### TASK INSTRUCTIONS
Copy, from the entries below, each line in which the string "Soft" appears.

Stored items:
---

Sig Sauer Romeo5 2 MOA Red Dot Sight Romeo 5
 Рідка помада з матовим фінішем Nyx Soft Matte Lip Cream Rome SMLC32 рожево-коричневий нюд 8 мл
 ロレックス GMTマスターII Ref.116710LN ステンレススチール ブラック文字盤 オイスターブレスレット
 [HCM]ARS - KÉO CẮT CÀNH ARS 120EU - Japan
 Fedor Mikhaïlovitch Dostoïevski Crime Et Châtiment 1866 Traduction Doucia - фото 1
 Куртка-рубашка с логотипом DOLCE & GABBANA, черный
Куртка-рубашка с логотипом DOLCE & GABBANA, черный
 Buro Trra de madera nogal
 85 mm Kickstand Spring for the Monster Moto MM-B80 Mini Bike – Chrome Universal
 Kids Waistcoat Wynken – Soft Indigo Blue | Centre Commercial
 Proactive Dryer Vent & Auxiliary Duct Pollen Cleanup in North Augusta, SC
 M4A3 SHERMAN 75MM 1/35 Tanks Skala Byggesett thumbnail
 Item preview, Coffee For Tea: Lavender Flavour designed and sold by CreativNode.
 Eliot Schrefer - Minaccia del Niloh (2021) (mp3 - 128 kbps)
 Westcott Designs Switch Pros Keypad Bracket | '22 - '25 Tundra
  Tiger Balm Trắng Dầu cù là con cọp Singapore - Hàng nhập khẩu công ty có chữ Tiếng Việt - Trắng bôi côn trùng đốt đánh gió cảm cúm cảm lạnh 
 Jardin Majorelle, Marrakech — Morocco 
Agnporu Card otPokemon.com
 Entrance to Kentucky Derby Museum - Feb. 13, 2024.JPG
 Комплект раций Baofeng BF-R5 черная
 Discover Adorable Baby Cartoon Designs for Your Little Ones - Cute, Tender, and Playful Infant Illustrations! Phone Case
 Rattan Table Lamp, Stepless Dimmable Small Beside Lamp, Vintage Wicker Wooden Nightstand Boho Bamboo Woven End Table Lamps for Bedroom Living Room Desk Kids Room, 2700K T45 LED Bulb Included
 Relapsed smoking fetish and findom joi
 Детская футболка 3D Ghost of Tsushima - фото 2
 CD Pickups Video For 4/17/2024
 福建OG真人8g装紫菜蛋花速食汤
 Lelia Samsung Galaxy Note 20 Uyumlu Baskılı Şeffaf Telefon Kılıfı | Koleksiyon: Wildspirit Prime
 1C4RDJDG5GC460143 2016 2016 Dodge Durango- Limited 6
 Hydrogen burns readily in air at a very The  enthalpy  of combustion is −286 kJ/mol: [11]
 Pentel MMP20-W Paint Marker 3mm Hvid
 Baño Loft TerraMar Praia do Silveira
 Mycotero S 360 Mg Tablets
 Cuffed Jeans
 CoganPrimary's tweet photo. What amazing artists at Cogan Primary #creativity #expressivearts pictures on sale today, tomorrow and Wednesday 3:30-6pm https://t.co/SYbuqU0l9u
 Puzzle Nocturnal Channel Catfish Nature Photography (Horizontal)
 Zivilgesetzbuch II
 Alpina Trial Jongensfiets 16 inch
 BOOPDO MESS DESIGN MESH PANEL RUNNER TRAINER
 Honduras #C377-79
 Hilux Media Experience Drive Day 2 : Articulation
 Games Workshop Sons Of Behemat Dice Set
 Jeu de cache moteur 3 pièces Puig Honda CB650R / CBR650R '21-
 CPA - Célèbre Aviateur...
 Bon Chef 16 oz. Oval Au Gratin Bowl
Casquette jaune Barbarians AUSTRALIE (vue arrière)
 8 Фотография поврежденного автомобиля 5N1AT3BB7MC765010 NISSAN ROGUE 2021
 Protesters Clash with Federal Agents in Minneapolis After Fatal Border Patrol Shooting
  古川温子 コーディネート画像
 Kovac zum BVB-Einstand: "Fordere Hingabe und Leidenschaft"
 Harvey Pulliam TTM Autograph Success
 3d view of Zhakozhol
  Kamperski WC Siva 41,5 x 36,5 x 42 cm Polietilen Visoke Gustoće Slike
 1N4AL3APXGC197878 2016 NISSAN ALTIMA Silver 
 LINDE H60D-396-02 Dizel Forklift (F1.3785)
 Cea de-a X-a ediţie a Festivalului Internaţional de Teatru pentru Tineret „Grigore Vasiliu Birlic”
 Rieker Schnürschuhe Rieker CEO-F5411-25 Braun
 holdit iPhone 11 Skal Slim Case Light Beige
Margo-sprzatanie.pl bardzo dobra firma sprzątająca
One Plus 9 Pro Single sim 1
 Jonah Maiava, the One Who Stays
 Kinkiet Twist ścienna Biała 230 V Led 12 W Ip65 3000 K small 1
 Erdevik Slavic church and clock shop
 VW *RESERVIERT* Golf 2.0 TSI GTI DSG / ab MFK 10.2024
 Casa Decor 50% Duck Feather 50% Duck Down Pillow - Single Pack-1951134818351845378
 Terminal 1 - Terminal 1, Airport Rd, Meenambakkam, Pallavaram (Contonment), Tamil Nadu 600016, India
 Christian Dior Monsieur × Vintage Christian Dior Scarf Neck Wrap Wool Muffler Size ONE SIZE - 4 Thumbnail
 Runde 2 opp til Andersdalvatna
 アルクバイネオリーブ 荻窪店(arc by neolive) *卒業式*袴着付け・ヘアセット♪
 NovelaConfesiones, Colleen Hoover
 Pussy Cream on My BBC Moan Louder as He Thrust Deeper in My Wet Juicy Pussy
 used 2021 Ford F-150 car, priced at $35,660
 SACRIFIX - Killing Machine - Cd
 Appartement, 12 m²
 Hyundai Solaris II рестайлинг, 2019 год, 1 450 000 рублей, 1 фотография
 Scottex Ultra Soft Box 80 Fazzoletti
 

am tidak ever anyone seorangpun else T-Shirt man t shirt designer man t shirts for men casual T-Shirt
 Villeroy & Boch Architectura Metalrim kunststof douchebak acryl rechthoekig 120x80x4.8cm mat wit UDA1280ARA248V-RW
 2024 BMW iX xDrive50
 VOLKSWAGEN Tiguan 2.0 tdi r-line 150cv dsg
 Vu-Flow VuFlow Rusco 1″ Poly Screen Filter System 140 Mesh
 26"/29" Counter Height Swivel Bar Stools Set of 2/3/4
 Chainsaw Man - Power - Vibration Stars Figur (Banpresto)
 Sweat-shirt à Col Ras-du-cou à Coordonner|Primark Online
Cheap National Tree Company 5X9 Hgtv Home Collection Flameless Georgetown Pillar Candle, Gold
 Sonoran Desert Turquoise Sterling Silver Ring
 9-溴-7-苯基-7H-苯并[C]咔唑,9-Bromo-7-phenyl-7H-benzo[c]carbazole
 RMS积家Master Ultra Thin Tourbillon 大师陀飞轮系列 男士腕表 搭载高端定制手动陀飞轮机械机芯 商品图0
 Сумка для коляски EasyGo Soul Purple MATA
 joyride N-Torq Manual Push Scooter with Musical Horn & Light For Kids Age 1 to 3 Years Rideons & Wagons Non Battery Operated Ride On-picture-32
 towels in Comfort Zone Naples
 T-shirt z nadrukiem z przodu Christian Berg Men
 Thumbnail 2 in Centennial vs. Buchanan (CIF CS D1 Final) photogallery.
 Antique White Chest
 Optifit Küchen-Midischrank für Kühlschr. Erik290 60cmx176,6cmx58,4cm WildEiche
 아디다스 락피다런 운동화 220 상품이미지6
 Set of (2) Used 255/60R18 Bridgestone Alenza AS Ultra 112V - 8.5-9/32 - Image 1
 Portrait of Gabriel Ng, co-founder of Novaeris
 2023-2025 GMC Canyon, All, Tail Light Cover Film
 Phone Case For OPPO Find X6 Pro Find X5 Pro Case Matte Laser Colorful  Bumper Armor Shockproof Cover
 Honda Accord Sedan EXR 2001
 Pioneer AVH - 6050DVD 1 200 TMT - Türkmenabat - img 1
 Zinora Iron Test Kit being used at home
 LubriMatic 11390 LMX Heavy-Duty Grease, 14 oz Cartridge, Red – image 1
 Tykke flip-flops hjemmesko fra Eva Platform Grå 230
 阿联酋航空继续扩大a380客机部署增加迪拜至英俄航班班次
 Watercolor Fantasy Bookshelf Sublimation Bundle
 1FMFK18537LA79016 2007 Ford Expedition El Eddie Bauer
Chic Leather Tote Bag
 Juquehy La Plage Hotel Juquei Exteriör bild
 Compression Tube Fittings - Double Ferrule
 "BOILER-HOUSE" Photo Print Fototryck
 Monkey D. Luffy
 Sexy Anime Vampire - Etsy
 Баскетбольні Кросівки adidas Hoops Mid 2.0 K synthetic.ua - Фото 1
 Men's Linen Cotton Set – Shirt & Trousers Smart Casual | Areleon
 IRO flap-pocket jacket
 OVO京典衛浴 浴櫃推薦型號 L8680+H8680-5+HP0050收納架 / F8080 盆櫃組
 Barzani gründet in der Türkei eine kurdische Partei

---

### TASK RESULT
 Рідка помада з матовим фінішем Nyx Soft Matte Lip Cream Rome SMLC32 рожево-коричневий нюд 8 мл
 Kids Waistcoat Wynken – Soft Indigo Blue | Centre Commercial
 Scottex Ultra Soft Box 80 Fazzoletti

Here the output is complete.